Whenever I read translations, I always wonder what may have been lost or gained as the story was transferred between languages. Leonie Swann is a German author and graduate of the Munich University (with degrees in philosophy, psychology and communications) who released her first novel last year to significant praise from critics and readers alike. Whether I owe my thanks more to Swann or to translator Anthea Bell, I certainly owe it to someone for having delivered one of the sweetest and yet most sharply philosophical books I've read all year.
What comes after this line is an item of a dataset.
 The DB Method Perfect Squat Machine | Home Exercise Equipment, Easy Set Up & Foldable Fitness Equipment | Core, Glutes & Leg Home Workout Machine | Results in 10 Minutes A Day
The story is that of a flock of sheep in Glenkill, Ireland who find their shepherd dead one morning with a spade jutting out of his chest. Each sheep has its own opinion of what happened (or, more often than not, their own outrageous fears or utter indifference to the whole goings-on). I did not know how I felt following a flock of sheep through a mystery when I began, wondering if it would be a novel little device that would wear thin before the story ended. I couldn't have been more wrong. The sheep's adventure to help solve the mystery ends with almost a hundred pages left in the book, and only then did I realize I had been so invested in the sheep that I had forgotten about the whole overlying mystery itself. Because of that, the ending felt almost surreal and removed from the rest of the story, wrapping up loose ends that had been all but lost in the fray. Only after the story came to a final close did everything feel connected, the ending less tacked on. But that's just the thing--the ending wasn't tacked on at all, it was just set up so subtly behind the amazingly rich personalities of the sheep, that you barely considered what was happening outside the flock.
I'm not sure yet how I feel about the ending and how it fell into place, but it goes to show how strongly the sheep are presented. From Miss Maple (a great Agatha Christie reference, I must add) to Othello to Mopple the Whale, each has a distinct personality and take on the world around them. Still, they all remain absolutely sheep, their personalities focused sharply through what I can only describe as a "sheepy" lens. The result is so cute that it made me want to cuddle each and every member of the flock (except for maybe Melmoth, who kind of creeped me out), and yet I still respected each sheep as a wholly complete character, not just as separate parts of a humorously assembled ensemble cast. What's more, with their misunderstandings of human words and concepts, the sheep graze into the turf of philosophy, religion and social commentary. No small feat for a novelist writing solely from such an intellectually limited point of view.
The Guardian wittily called the book, "The best sheep detective novel you'll read all year," but I'd be willing to extend that to "the best detective novel you'll read this year, period." With undoubtable originality, Swann has penned a truly wonderful book, so clever and poignant that should not be soon forgotten.